Hello,

We’ve published a series of thematic subsets based on Wikipedia. The idea sort 
of follows what we had been doing for WikiMed[1], e.g. provide a single, 
topic-specific zim file based off the same Wikipedia articles - so that if you 
are a physician in an offline setting you needn’t download the full 5,000,000 
articles in order to get the 50,000 you were really interested in (and also: 1 
Gb download at most vs. 80Gb).

The list is set to expand, but we’re starting with the following:
Football (soccer)
Basketball
Cricket
History 
Geography
Maths
Physics
Chemistry
Comics

The initial selections are based off enwp’s wikiprojects. Most of these 
are/will be available also in the largest languages 
(EN/ES/PT/AR/FR/DE/ZH/HI/TR/RU), with some variations as we’re not entirely 
sure there’s much demand (or material) for Russian articles on cricket. 
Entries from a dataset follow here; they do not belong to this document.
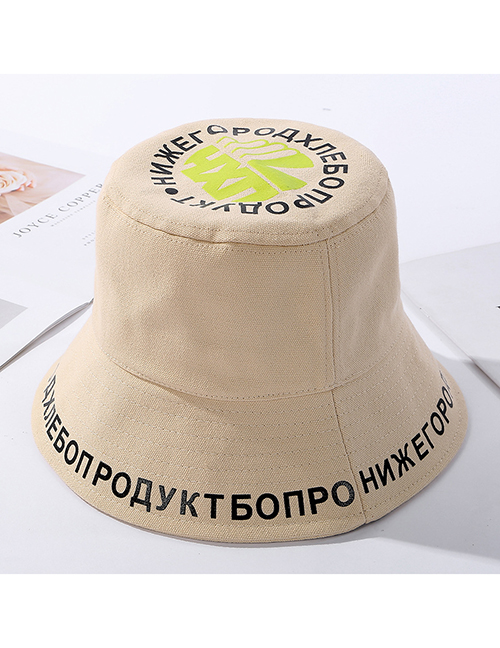 Fashion Beige Letter Print Foldable Male Fisherman Hat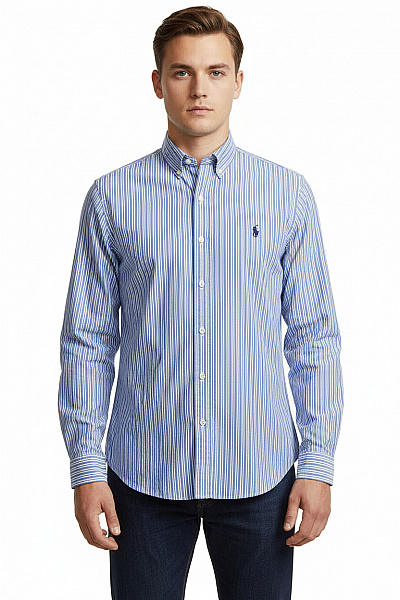 Ralph Lauren Pánská Bavlněná Košile Modrá Bílá Pruhovaná Dlouhý Rukáv Slim Fit Velikost M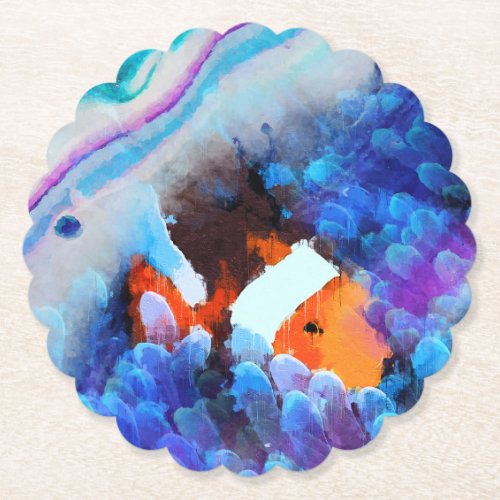 Finding Nemo _ Underwater Abstract Art    Paper Coaster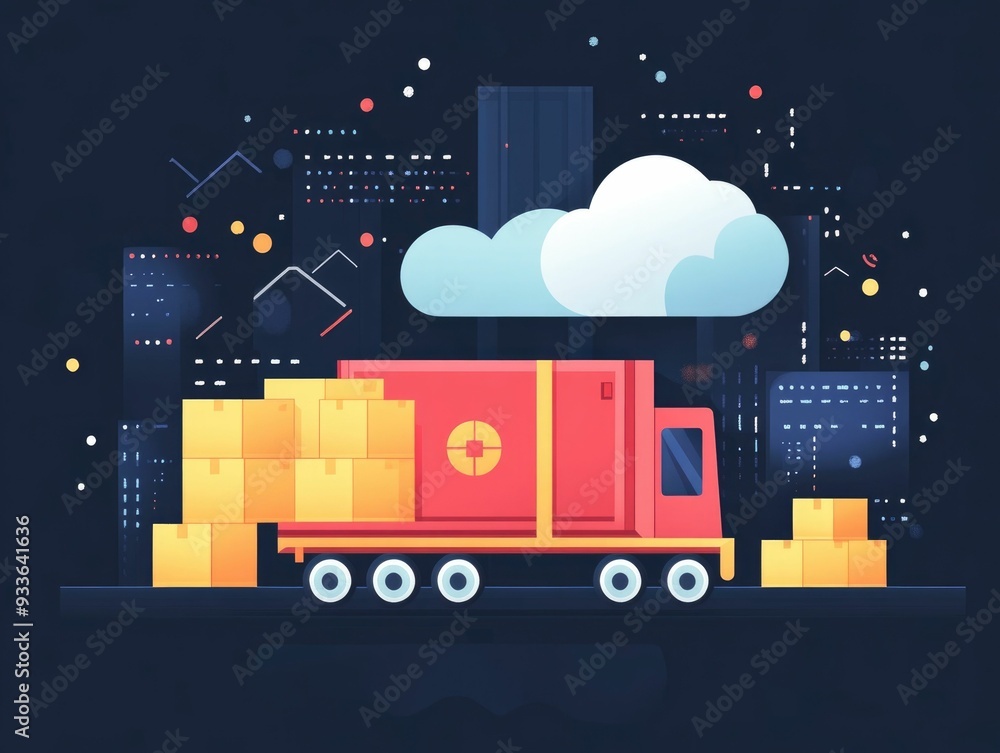 Poster streamlined cloud based logistics system powering automated shipping and distribution flat design of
These selections are easier to find from the app’s library, but they can also 
be downloaded directly from our public repo [2]. Now that MWoffliner and 
ZIMfarm are up and (mostly) running, expect updates to run automatically every 
month or so. And for those asking, the MWoffliner 1.9 release you saw earlier 
should allow us to finally update larger zim files (>500k), or so we 
hope/pray/want to believe.

The other thing you will notice is that the landing page is not your usual « 
Welcome to Wikipedia » blurb. In fact, we did away with most of the text so 
that we wouldn’t have to design landing pages in languages we don’t understand. 
A Very Elegant solution was found by the Most Excellent Joseph Reeve : present 
it as tiles, with the images directly taken from the corresponding Wikidata 
entry (P18). The 100 articles constituting this new landing page are themselves 
picked based on a scorecard that ranks articles based on traffic, evaluation 
and God knows what else, so that in the end the end user is likely to be 
presented with a landing page on subject s/he’s likely to be interested in[3]. 
This image [4] shows the Arabic chemistry, Hindi cricket and English basketball 
selections’ respective landing pages.

Needless to say, we’ve kicked any Wikipedia design custom and convention 
squarely in the teeth, and have no regrets about it (but fear not: articles 
themselves remain unchanged; we’re revolutionaries but not punks). As indicated 
above, the central reason for this approach is that through wikidata we get the 
appropriate spelling/name for the articles, and can therefore present users 
with not only the proper content, but also quite simply the right alphabet. 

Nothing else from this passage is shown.